S)Com efeito, o referido C…, cujo depoimento se encontra na gravação do CD 54/11, com inicio do depoimento às 14:59:50 e fim da gravação às 15:14:07, questionado sobre se “enquanto gerente da requerida, esta pagava ao requerente a remuneração mensal ilíquida de €1.260,00 a que acrescia o subsídio de alimentação no valor de €6,25 diários”, aquele respondeu ao minuto 01:36 do seu depoimento “é certo esse valor foi-lhe pago durante dois meses, Julho e Setembro”
T)De igual forma, o referido C…, cujo depoimento se encontra na gravação do CD 54/11, com inicio do depoimento às 15:14:43 e fim da gravação às 15:28:33, questionado sobre se “enquanto gerente da requerida, esta pagava ao requerente a remuneração mensal ilíquida de €1.260,00 a que acrescia o subsídio de alimentação no valor de €6,25 diários”, aquele respondeu ao minuto 02:59 do seu depoimento “chegou a pagar um ou dois salários” e ao minuto 3:25 “chegámos a pagar um ou dois salários em virtude de lhe pagarem as despesas dele”
U)Pelo exposto é bem evidente que a decisão da matéria de facto não teve em consideração o teor dos documentos nºs 1 a 6 juntos pelo recorrente aquando da realização da audiência de julgamento e dos documentos juntos pela recorrida em 16.06.2011, documento esses da sua própria autoria, sob os nºs 7 a 49, concretamente os Extractos contabilísticos da conta 2621 – Pessoal remunerações a pagar aos órgãos sociais - dos anos de 2008 e 2009, bem como de todos os documentos comprovativos dos movimentos efectuados na referida conta; Extractos contabilísticos da conta 641 – Remunerações a pagar aos órgãos sociais - dos anos de 2008 e 2009, bem como de todos os documentos comprovativos dos movimentos efectuados na referida conta; Folhas de remunerações mensais enviadas pela Ré para a Segurança Social do período de Julho de 2008 até Fevereiro de 2009 e Modelo 10 enviado pela Ré para a Administração Fiscal dos anos de 2008 e 2009, dos quais se alcança a resposta positiva de que “Enquanto gerente da requerida, esta pagava ao requerente a remuneração mensal ilíquida de €1.260,00, a que acrescia o subsídio de alimentação no valor de €6,25 diários”, e, nessa medida, fazem prova plena quanto ao seu teor.

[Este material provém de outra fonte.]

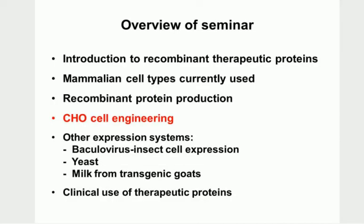I reckon we've probably got another half an hour to go, but I think we'll have a five-minute break here and then come back.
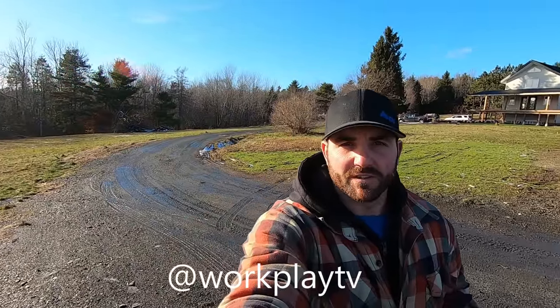Hello folks and welcome back to the channel. It is an absolutely beautiful day here in Nova Scotia today. I am in the South Shore in Nova Scotia. I'm going to show you around the property for a quick sec and then jump in the truck because it's windy out right now. I don't want the sound to be terrible.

V)A tudo isto acresce que, do oficio da Segurança Social remetido à requerida e que esta fez juntar no decurso da Audiência de Julgamento, nada se extrai de válido para a posição por si defendida, porquanto,
W)Tal ofício data de 08.07.2009, isto é, muito posterior à renuncia à gerência pelo recorrente e respeita tão só às remunerações anteriores a Setembro de 2008, sendo que
X)Não deixa de causar estranheza a tese da recorrida ao alegar que, a recorrida “passou por um período de grandes dificuldades financeiras … os sócios gerentes acordaram entre si aguardar a plena reestruturação da sociedade requerida, e, só após a obtenção desse equilíbrio, aufeririam remuneração pelo cargo de gerente” – cfr. artigo 6º e 8 da Oposição-, e que as remunerações relativas aos dois novos sócios passaram a ser formalmente processadas por ter sido alertada para a necessidade de o fazer por um técnico de contas que lhe transmitiu que tal seria exigido pela Segurança Social .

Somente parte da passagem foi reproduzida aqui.